◆ **Activity**
The lines below from the one with "3491 Allen Barrett" up to and including the one with "NEVERMINDALL Emma 保暖起絨羊毛圓領 TS761" are what you should set down, exactly and without pictures.

◆ **Supplied information**

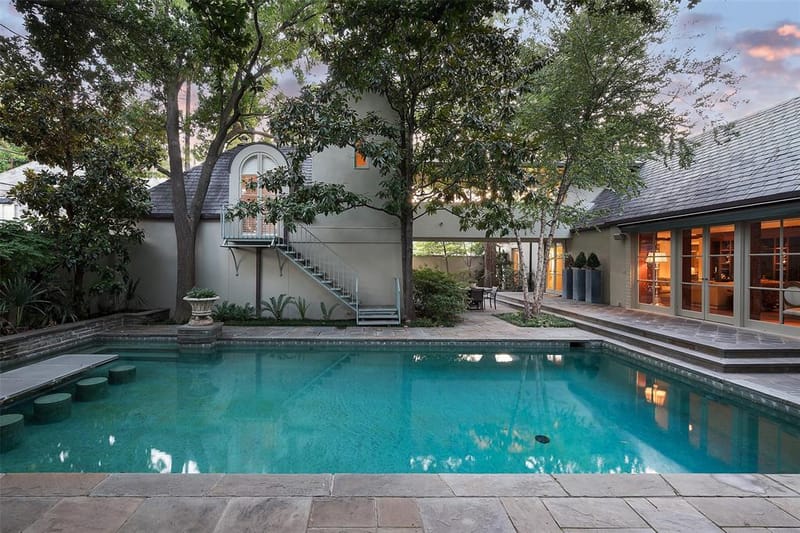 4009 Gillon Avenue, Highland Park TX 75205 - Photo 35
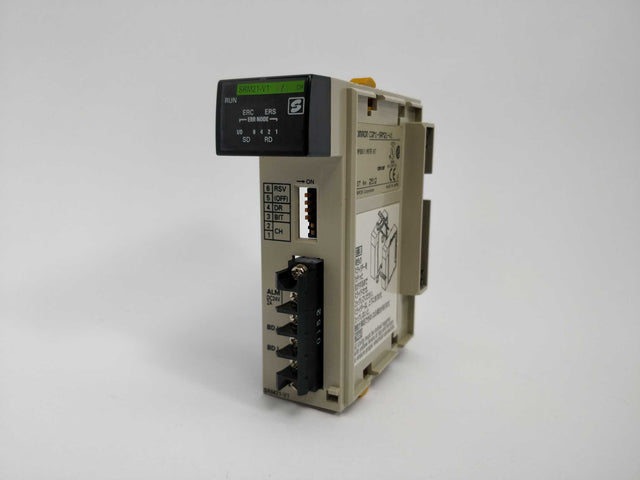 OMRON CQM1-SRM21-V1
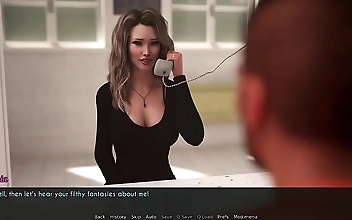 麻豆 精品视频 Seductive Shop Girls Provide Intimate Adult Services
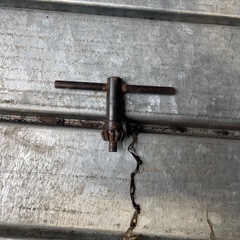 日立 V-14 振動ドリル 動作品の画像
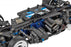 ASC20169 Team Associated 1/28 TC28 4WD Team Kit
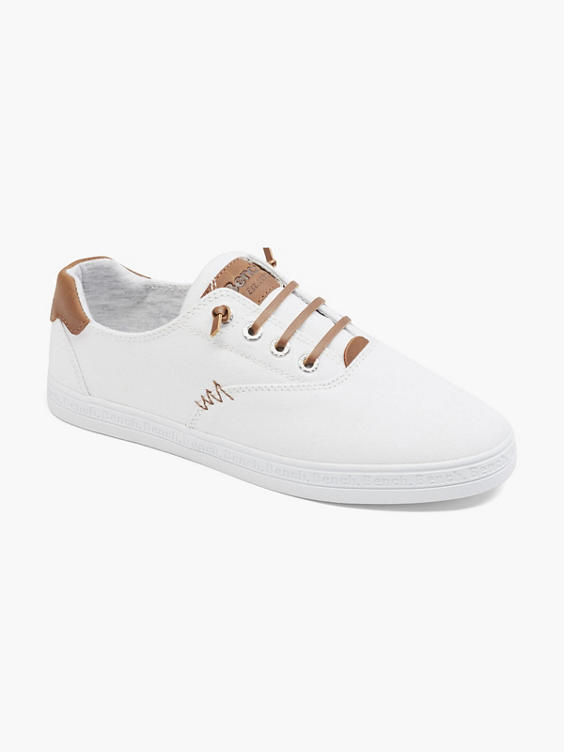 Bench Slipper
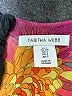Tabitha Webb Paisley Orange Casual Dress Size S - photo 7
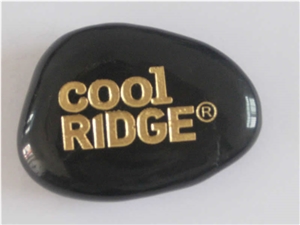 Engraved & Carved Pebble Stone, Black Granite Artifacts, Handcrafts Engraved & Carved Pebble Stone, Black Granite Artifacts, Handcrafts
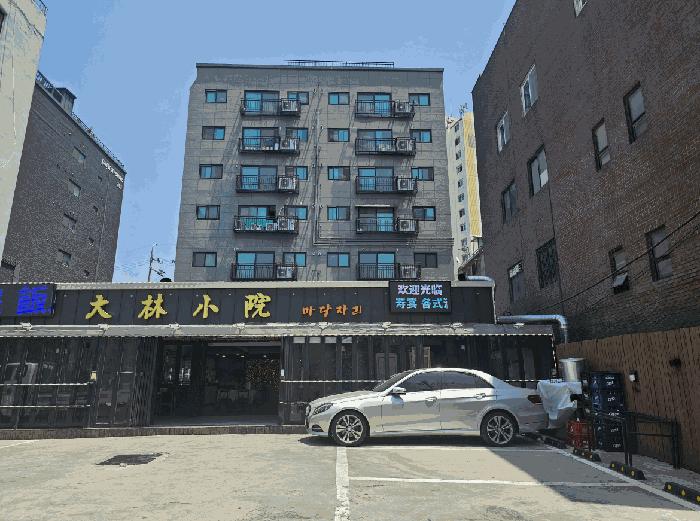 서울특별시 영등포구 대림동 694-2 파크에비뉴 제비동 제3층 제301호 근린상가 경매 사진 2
--
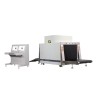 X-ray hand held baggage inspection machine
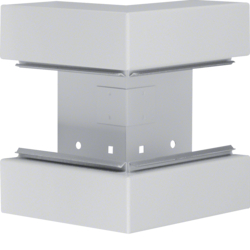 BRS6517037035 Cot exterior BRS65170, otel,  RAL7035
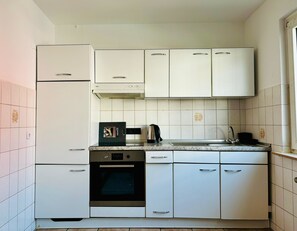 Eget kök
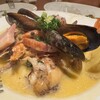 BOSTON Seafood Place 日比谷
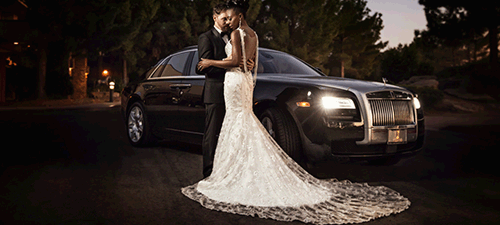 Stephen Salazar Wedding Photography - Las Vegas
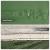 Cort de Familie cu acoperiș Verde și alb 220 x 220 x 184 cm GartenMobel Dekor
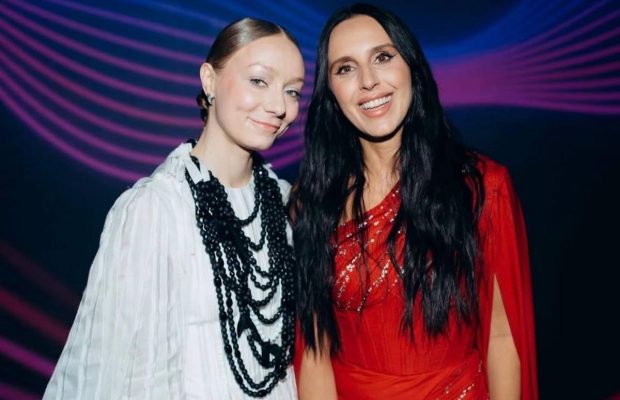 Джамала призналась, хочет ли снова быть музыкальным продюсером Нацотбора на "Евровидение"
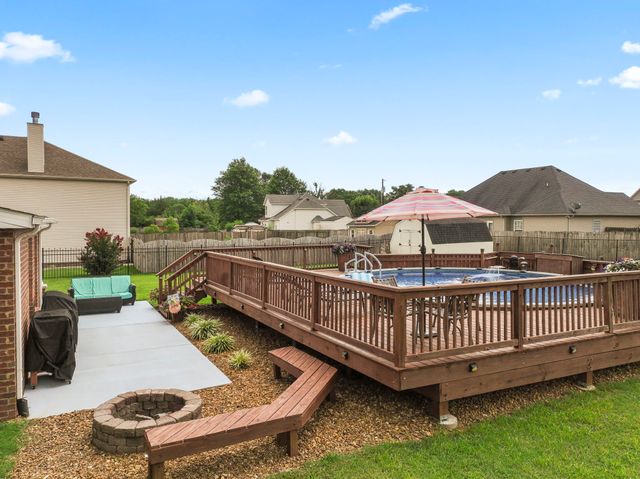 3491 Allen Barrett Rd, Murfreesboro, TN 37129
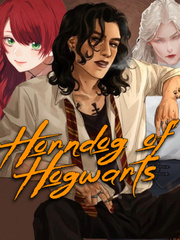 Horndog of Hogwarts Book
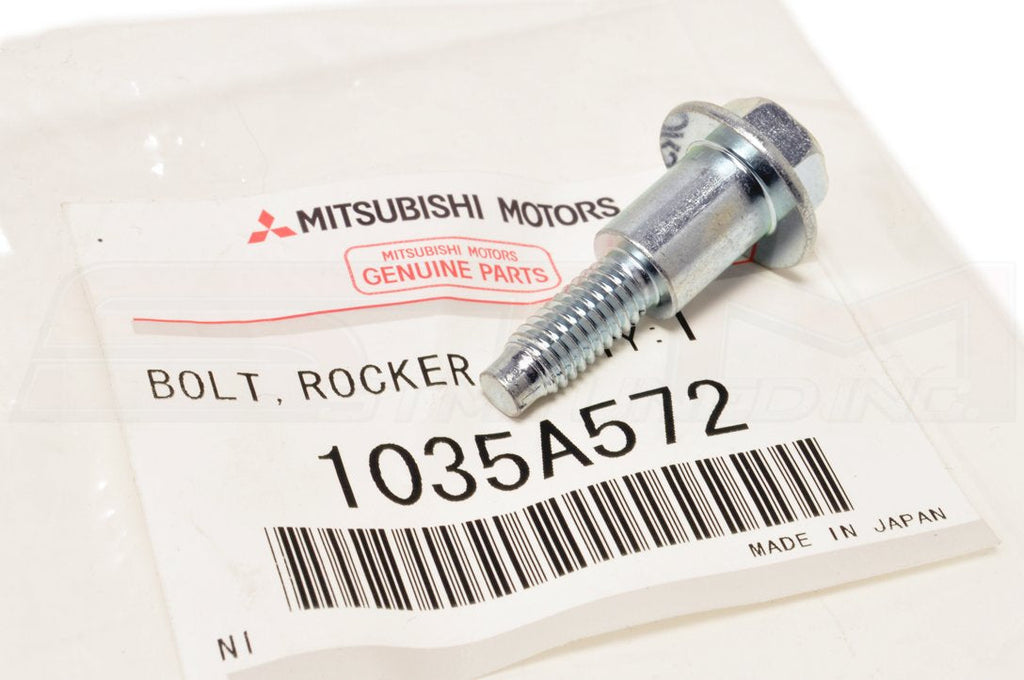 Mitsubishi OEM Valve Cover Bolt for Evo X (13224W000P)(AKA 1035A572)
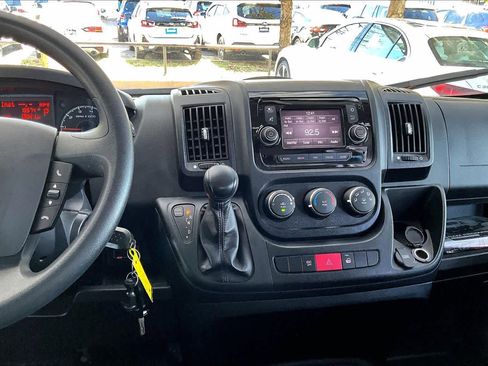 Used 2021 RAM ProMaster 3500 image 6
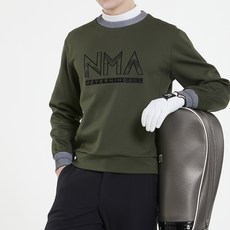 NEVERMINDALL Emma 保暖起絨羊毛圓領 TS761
...
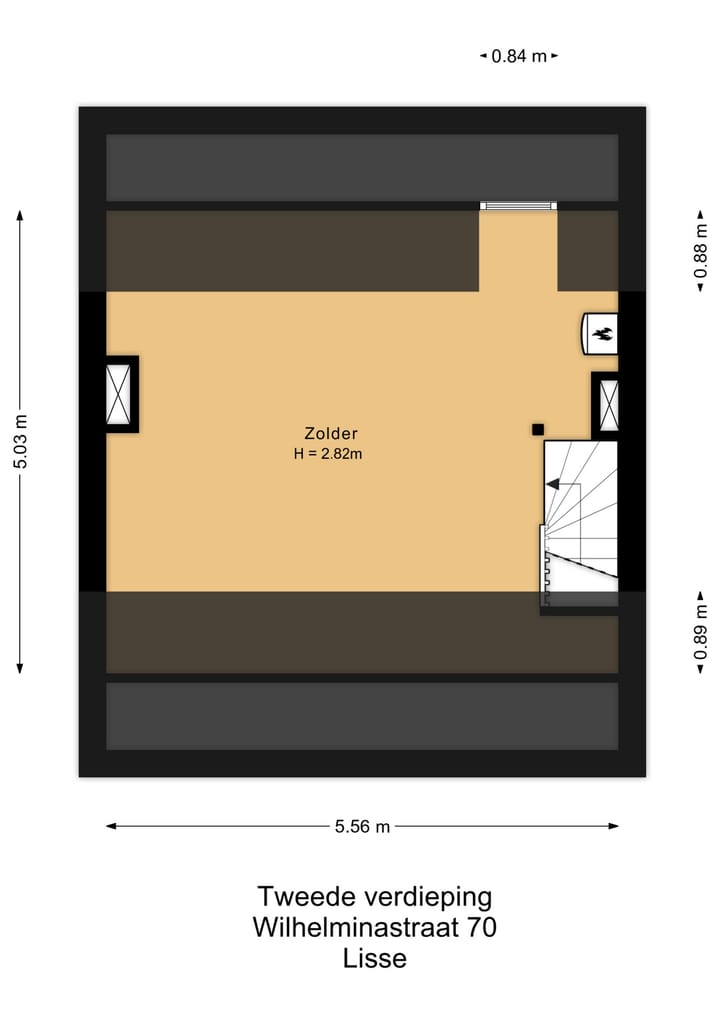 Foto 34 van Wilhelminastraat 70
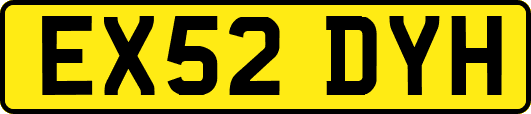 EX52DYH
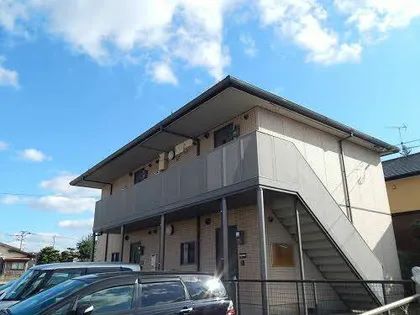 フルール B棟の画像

◆ **Response**
 3491 Allen Barrett Rd, Murfreesboro, TN 37129
 Horndog of Hogwarts Book
 Mitsubishi OEM Valve Cover Bolt for Evo X (13224W000P)(AKA 1035A572)
 Used 2021 RAM ProMaster 3500 image 6
 NEVERMINDALL Emma 保暖起絨羊毛圓領 TS761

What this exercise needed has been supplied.